Эта модель легко узнаваема в никулинском описании Испании. По построению его текст является классическим путевым очерком; автор объезжает в составе туристской группы всю Испанию, от Каталонии до Андалузии, и с обязательностью путешественника описывает все, что видит: пейзажи, города, исторические достопримечательности, людей. Доминантой всех этих описаний становится впечатление бессмысленности, апатии, искусственности, обусловленное отсутствием «правильной» революционной идеи, которая могла бы сообщить смысл всему увиденному. Бессмысленна и ирреальна, как брошенная театральная декорация, всемирная выставка в Барселоне, несмотря на дорогие световые эффекты, оставшаяся без посетителей[717]. Бессмыслен и брутален бой быков, где убивают животных, о которых у нас мечтал бы любой колхоз и совхоз[718], его единственная цель — отвлечь народ от политики[719]. Знаменитая ночная жизнь Мадрида подается как бессмысленное и бесцельное кружение на такси по кварталу красных фонарей[720].

Небоскребы современного города свидетельствуют о мощи капитала, а величественные соборы старых городов — о мрачной власти инквизиции[721]. Красота испанских зданий не впечатляет Никулина[722], так как построены они на костях мавров, евреев, простого народа и напоминают об истории, являющейся историей человеческих страданий:

Двести тысяч человек когда-то жили, ненавидели и любили в этих стенах, теперь в Толедо едва ли двадцать пять тысяч жителей, но город стоит на костях и прахе миллионов. Оливковые рощи «сигаралес», кольцом охватывающие скалу, выросли на костях арабов, испанцев и португальцев, оспаривавших друг у друга власть над Толедо. И город-призрак, город-надгробие встает на скале…[723]

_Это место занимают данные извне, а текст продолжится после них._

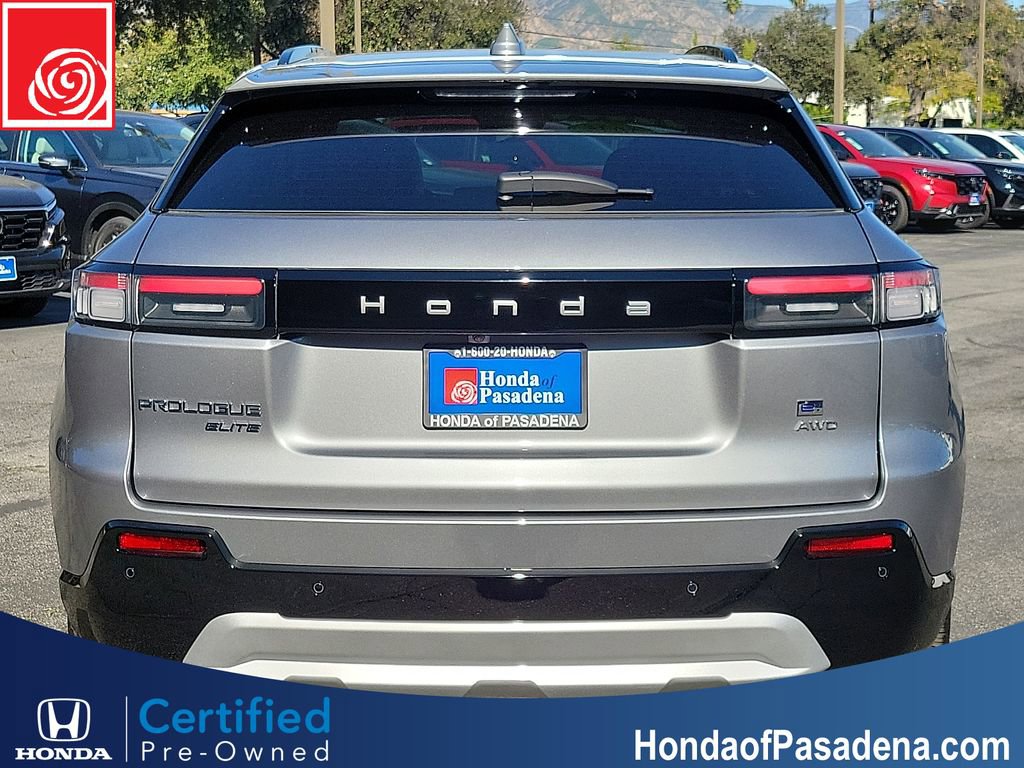 Certified 2025 Honda Prologue Elite image 3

Миф о романтической Испании опровергается: гитары, кастаньеты и цыганские танцы — не более чем дешевая мишура, плохо выполненные подделки, продаваемые туристам:

Пляски престарелых гитан, треск кастаньет, дробь каблучков в память Карменситы оплачиваются по соглашению, и если современному романтику захочется сфотографировать современную гитану, она примет позу, сознательно копируя плохих художников, и возьмет за это три реала, бессознательно издеваясь над умирающим романтизмом[724].

Гитары и кастаньеты, серенады и цыганские танцы, бой быков и униформа испанских военных и чиновников, то есть те атрибуты, которые закрепились в романтическом образе Испании (Никулин тоже характеризует их как «романтические»), оцениваются им как стереотипные и неверные; взятые вместе, они создают искусственную стилизацию под Испанию. При этом Никулин использует метафоры из области театра, оперы и оперетты: «но сахарной, театральной Испании Чайковского, Каульбаха и Немировича-Данченко не существует»[725].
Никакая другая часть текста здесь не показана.